Caption-style text data:

Start of Block

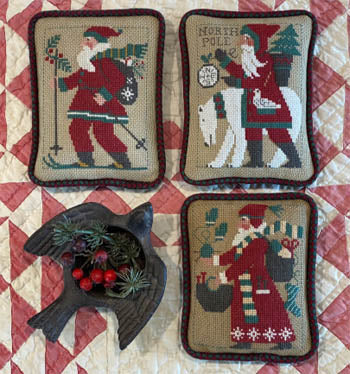Santas Revisited X - Chart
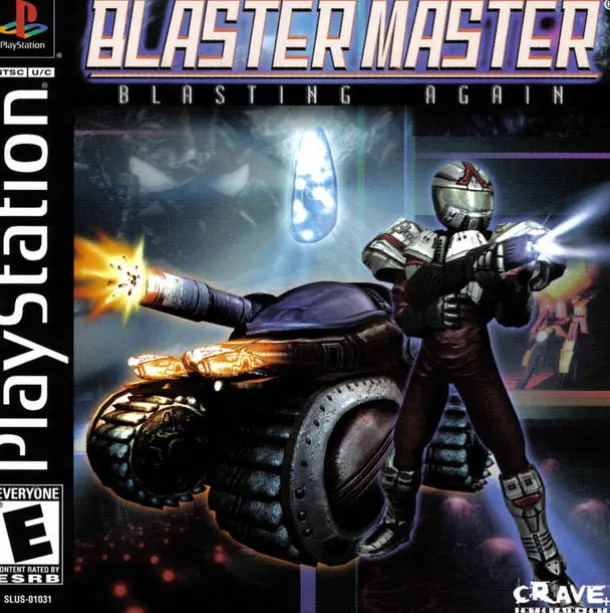 Blaster Master Blasting Again
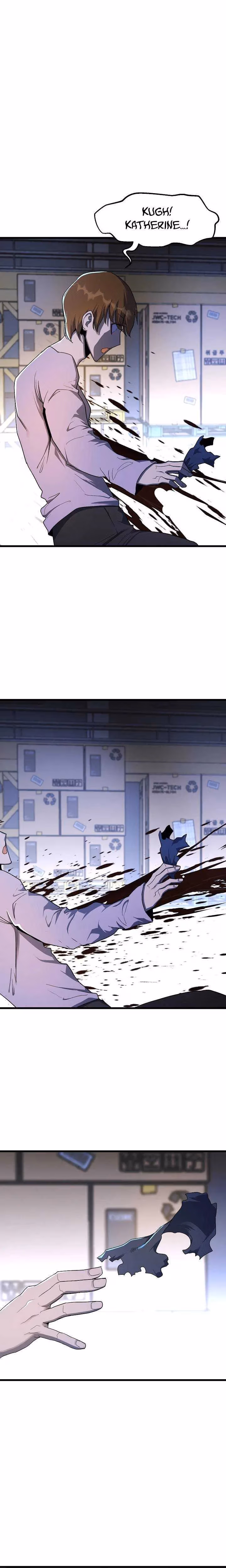 Read The Invincible Deadbeat chapter 35 image 1 on Lezhin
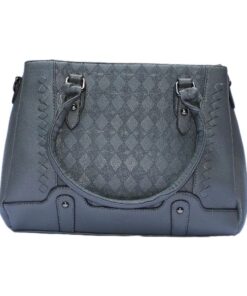 High-Quality Classic Women's Handbag - Grey
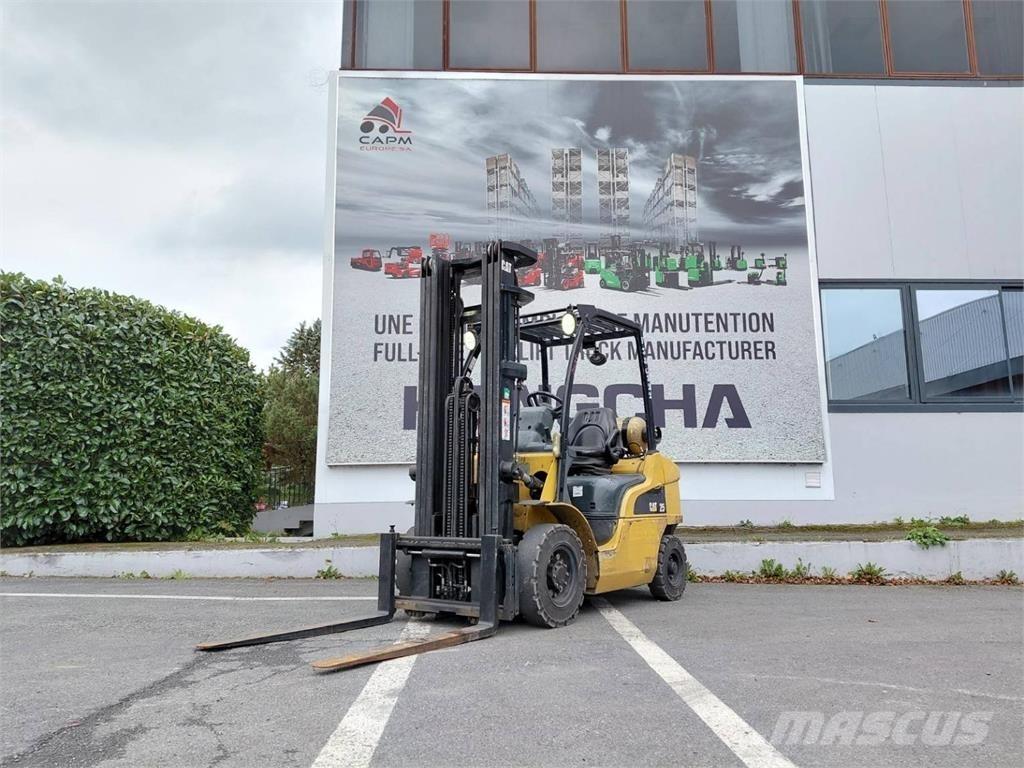 CAT GP25N Iné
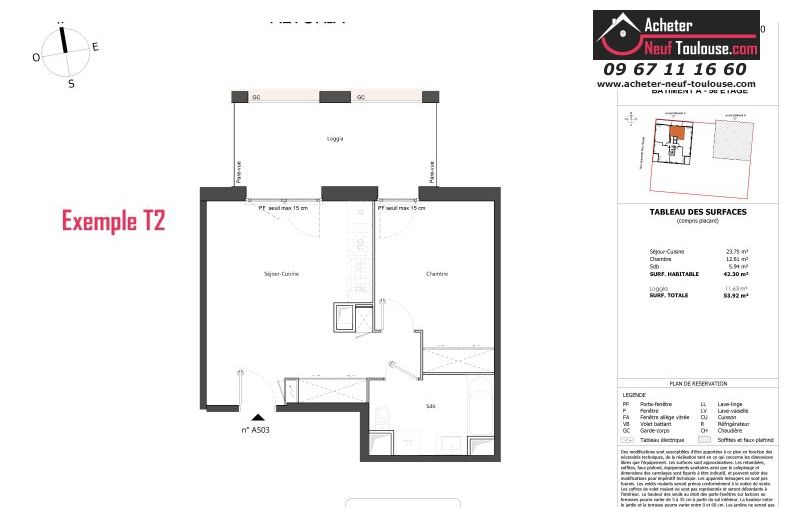 Appartements neufs à Toulouse Cartoucherie - Programmes immobiliers neufs Marignan Altoria
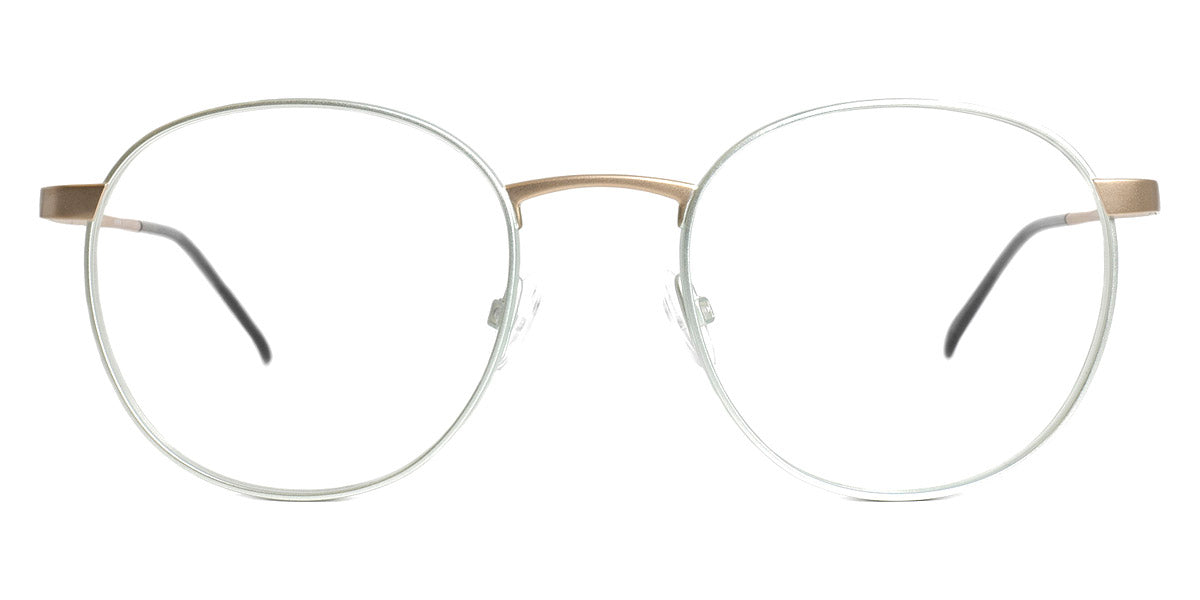 Götti® Dalton GOT OP Dalton GLB-PS 51 - Gold Brushed/Pistachio Eyeglasses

End of Block

## WHAT IS REQUIRED
If a line falls between the one containing "Read The Invincible" and the last line of the entries above, both included, reproduce it exactly; leave the pictures out.

## EXERCISE RESULT
 Read The Invincible Deadbeat chapter 35 image 1 on Lezhin
 High-Quality Classic Women's Handbag - Grey
 CAT GP25N Iné
 Appartements neufs à Toulouse Cartoucherie - Programmes immobiliers neufs Marignan Altoria
 Götti® Dalton GOT OP Dalton GLB-PS 51 - Gold Brushed/Pistachio Eyeglasses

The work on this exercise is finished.